A reverse mortgage loan doesn't have to be repaid until the home used to obtain the mortgage is no longer the borrower's principal residence. This could happen because of death, or when the borrower relocates, or when the home is sold. At that point, proceeds from the home's sale are used to repay the reverse mortgage balance. The borrower or his other estate receives any funds that remain after the reverse mortgage is repaid.

To ensure borrowers fully understand the terms and conditions and their options for receiving funds, all prospective borrowers must receive counseling. Any lender that offers reverse mortgage products must provide this counseling. After going through counseling, everyone involved should have a better idea of the advantages and disadvantages of this special type of mortgage.

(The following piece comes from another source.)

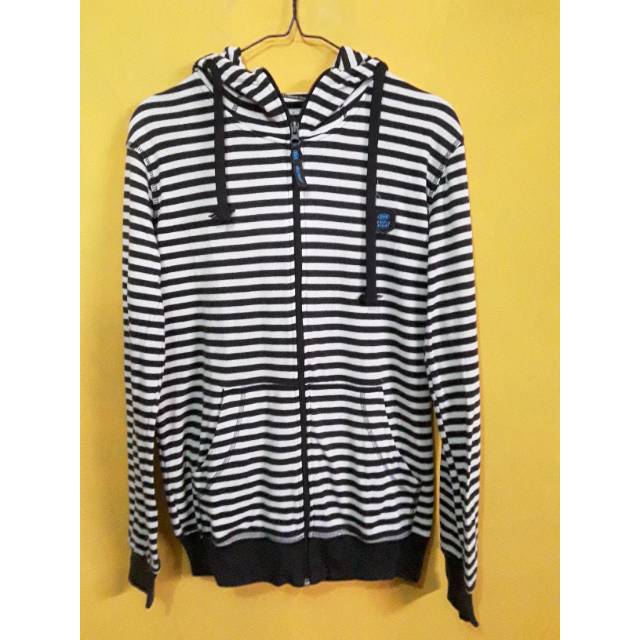 Preloved jaket garis triple eight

When it comes to receiving reverse mortgage funds, borrowers have several payment options. The two most common are a lump sum and line of credit. Of course, lenders will explain all of the options, but only the borrower can decide. To help determine which payment option is best, borrowers are advised to consider what they'll use the money for and when they'll need it.

Something else that appeals to borrowers is the government's involvement. The U.S. Department of Housing and Urban Development, otherwise known as HUD, is a key supporter of the reverse mortgage lending industry. The Federal Housing Administration (FHA), a branch of HUD, created the first reverse mortgage called The Home Equity Conversion Mortgage or HECM. Because the FHA insures so many reverse mortgages, it plays a key role in overseeing and regulating the industry. The Administration's involvement combined with the fact that few private lenders offer these mortgages has helped stabilize reverse mortgage costs.

But interested borrowers should realize that there are costs associated with a reverse mortgage. They should also know that these costs usually are greater than those charged on traditional mortgage products. If a borrower doesn't plan to remain in the home more than a few years, the costs of a reverse mortgage may exceed the benefits. That's an important point to consider before applying.